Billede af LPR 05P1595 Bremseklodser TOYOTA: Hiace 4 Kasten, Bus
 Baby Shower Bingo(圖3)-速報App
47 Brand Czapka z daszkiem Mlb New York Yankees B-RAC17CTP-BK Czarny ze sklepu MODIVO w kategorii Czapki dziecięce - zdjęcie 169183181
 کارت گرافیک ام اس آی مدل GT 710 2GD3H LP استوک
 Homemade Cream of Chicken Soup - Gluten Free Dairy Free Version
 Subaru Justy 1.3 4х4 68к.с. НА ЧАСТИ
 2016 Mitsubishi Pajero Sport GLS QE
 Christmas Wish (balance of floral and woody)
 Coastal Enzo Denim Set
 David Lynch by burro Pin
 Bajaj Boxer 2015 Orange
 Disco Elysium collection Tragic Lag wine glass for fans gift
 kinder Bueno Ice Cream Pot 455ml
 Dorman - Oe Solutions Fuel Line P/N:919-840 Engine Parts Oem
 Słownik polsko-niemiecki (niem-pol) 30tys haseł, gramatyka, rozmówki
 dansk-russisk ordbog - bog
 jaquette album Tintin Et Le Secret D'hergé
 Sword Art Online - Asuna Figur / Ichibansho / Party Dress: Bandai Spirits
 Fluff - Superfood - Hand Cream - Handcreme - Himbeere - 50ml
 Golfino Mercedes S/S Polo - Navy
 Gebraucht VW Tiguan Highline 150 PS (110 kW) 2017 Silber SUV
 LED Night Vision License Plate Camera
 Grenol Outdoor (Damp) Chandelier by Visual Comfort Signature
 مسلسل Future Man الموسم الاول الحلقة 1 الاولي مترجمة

----

**Assignment:** In the listing above, start at the line with "کارت گرافیک ام", go on through the line with "David Lynch by burro Pin", and copy each of those lines exactly; leave out all the rest.

**Solved problem:**
 کارت گرافیک ام اس آی مدل GT 710 2GD3H LP استوک
 Homemade Cream of Chicken Soup - Gluten Free Dairy Free Version
 Subaru Justy 1.3 4х4 68к.с. НА ЧАСТИ
 2016 Mitsubishi Pajero Sport GLS QE
 Christmas Wish (balance of floral and woody)
 Coastal Enzo Denim Set
 David Lynch by burro Pin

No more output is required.